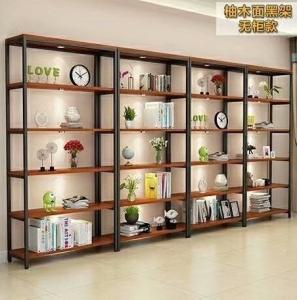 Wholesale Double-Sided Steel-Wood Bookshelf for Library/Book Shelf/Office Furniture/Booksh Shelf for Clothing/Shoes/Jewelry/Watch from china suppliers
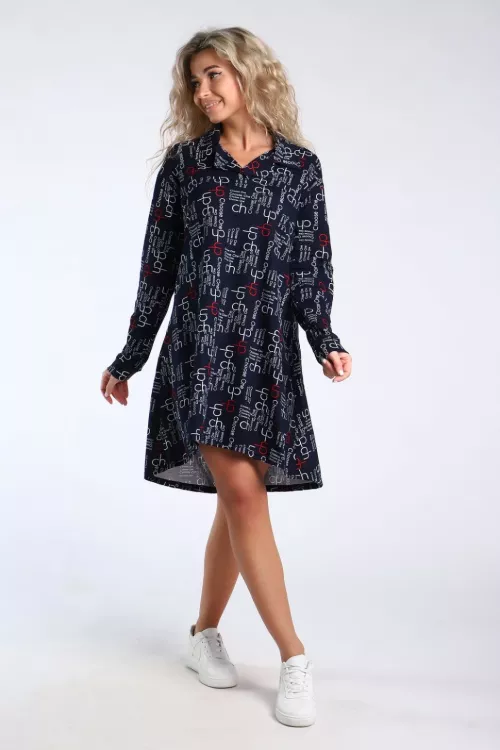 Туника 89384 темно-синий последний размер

★ ★ ★ ★ ★

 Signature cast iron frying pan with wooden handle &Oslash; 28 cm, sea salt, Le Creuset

★ ★ ★ ★ ★

Task item: Output should consist of the lines above from the one with "Wholesale Double-Sided Steel-Wood" down to the one with "Туника 89384 темно-синий последний размер", exact and without pictures.

Solution to this task:
 Wholesale Double-Sided Steel-Wood Bookshelf for Library/Book Shelf/Office Furniture/Booksh Shelf for Clothing/Shoes/Jewelry/Watch from china suppliers
 Туника 89384 темно-синий последний размер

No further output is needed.